For the optimum time rate of 60 cm and width of 10%, which was determined by a simple thermal stress calculation model that creates a chart as shown in the figure,
Water cooling was performed using various time rates and widths different from the optimum values shown in Table 1, and the flatness of the rolled copper strip after unwinding was investigated. The results show that, as shown in FIG. 10, the case where the cut-off cooling is performed at the optimal time rate and width is the most effective in terms of flatness improvement.

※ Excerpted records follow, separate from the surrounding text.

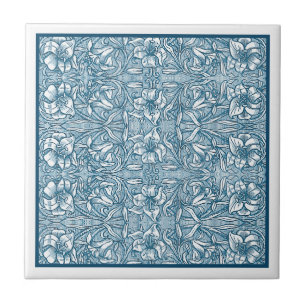 Antikes Delft-Blau-Botanik-Lilienmuster Fliese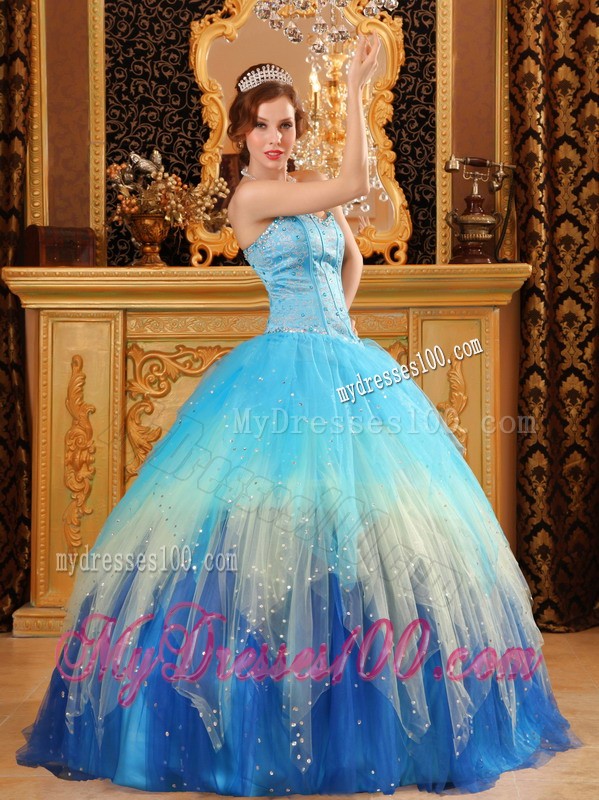 Luxurious Colorful Sweetheart Beading Satin and Tulle Quinceanera Dress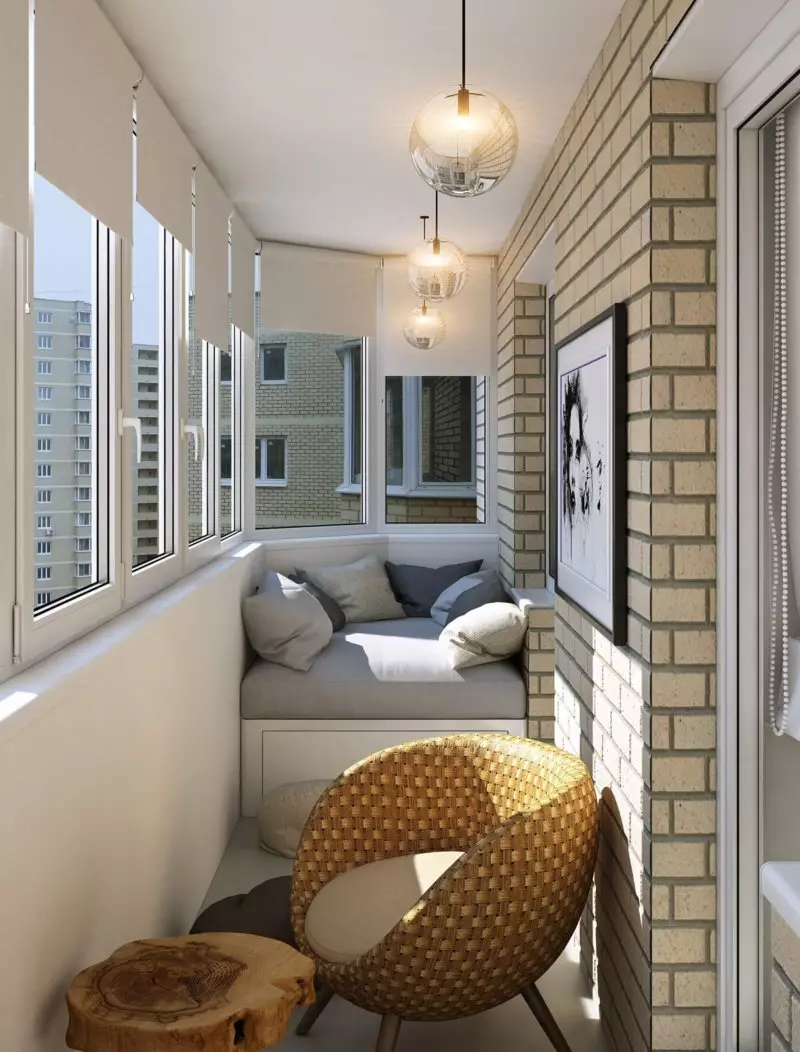 Малку балкон дизајн (96 фотографии): Како да им овозможат на внатрешноста на балконот во станот? Идеите на мал балкон завршуваат внатре. Интересни опции 9987_90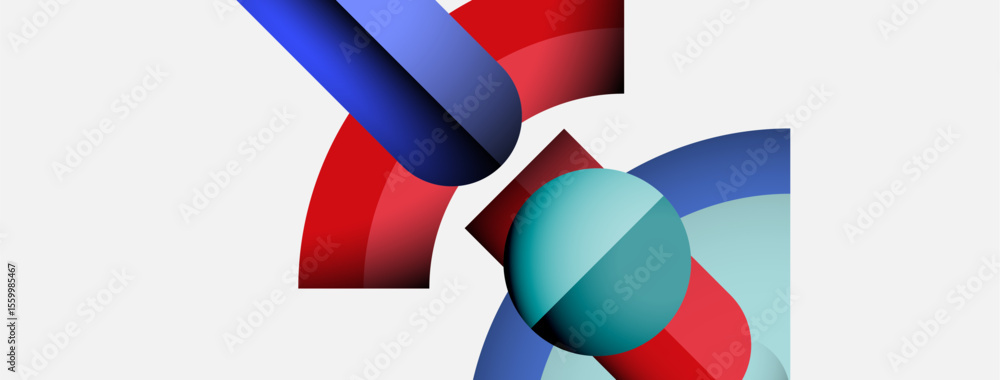 Poster Abstract shapes overlap, creating dynamic composition. Red, blue, teal hues dominate white background. Modern design elements present.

As described above, according to the present invention, a copper strip that has been taken out from a finishing rolling mill and cooled by water injection while being sent to a winding machine is unwinded from the coil after winding. Poor flatness due to stretching can be prevented. FIG. 1 is a side view of the apparatus used in the method of the present invention, FIG. 2 is a sectional view taken along the line U-t+ in FIG. 1, and FIG. 3 shows a steel strip processed by the apparatus of FIG. Figure 4 is a graph showing the relationship between the compressive stress shown in Figure 3 and the edge steepness of the copper strip. Figure 5 is a graph showing the relationship between the compressive stress shown in Figure 3 and the edge steepness of the copper strip. A curve showing the relationship between the width and the steepness of the copper strip. Figure 6 is a curve showing the change in steepness when changing the width while keeping the time rate constant. Figure 7 is the heat transfer coefficient in the width direction of the strip. Figure 8 is a flowchart showing the process of thermal stress calculation. - Figure 9 was created for W4 Emperor, which is different from the copper belt in Figure 5.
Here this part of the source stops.